BEGIN
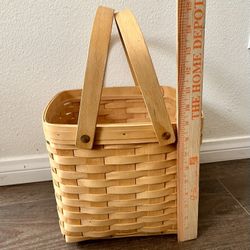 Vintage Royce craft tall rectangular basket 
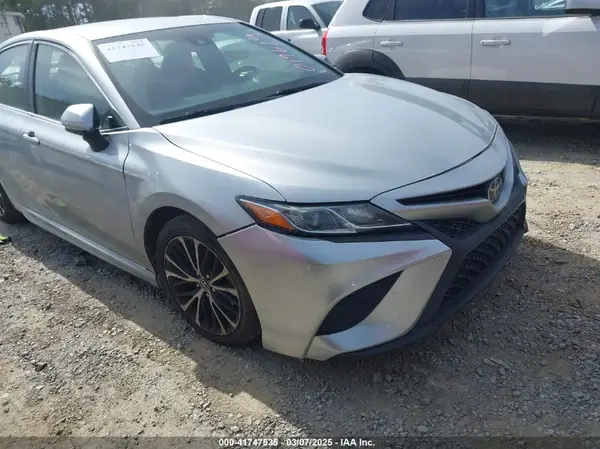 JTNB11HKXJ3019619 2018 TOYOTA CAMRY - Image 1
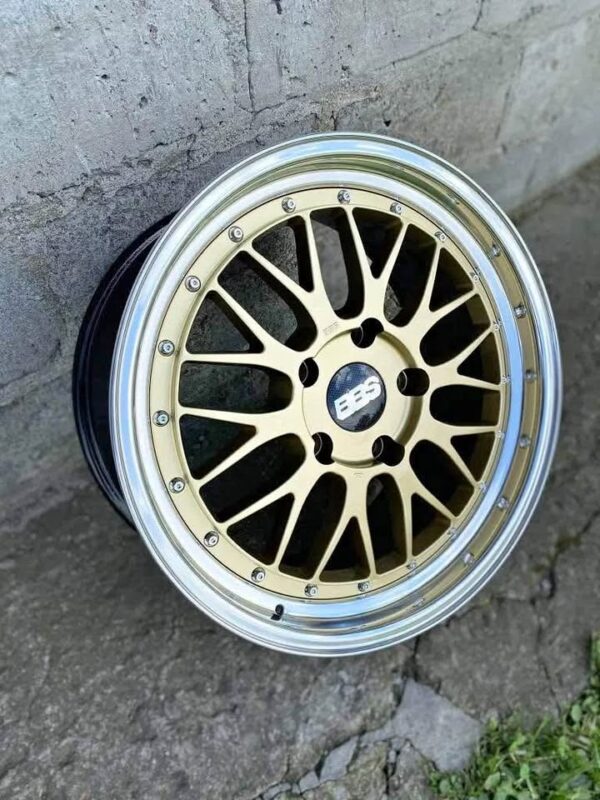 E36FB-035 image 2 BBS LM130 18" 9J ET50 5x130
END
BEGIN
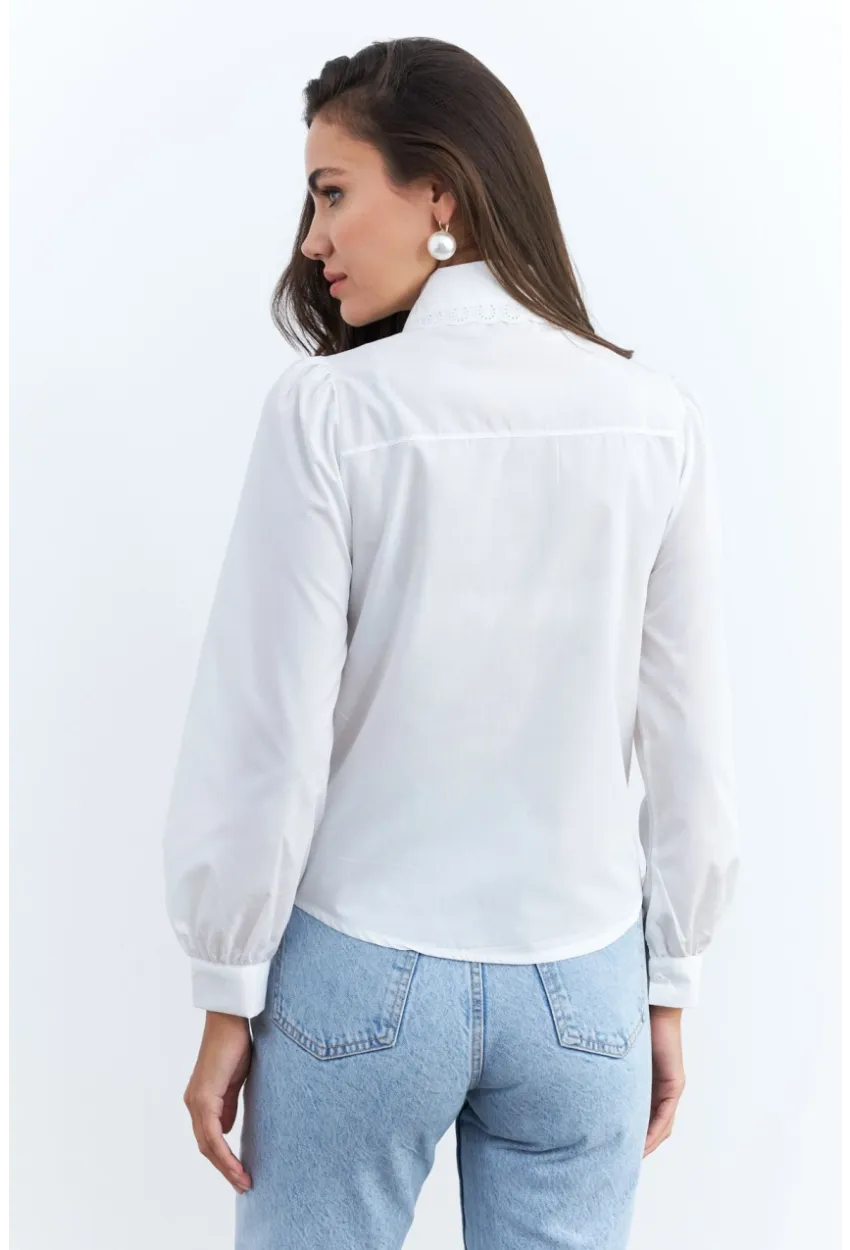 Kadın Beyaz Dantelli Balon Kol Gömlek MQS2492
END
• [Task goal]: Return word for word the lines of the listing above, starting at the line with "JTNB11HKXJ3019619 2018 TOYOTA" and ending at the line with "E36FB-035 image 2", both included. Pictures do not belong in the copy.

• [Written answer]:
 JTNB11HKXJ3019619 2018 TOYOTA CAMRY - Image 1
 E36FB-035 image 2 BBS LM130 18" 9J ET50 5x130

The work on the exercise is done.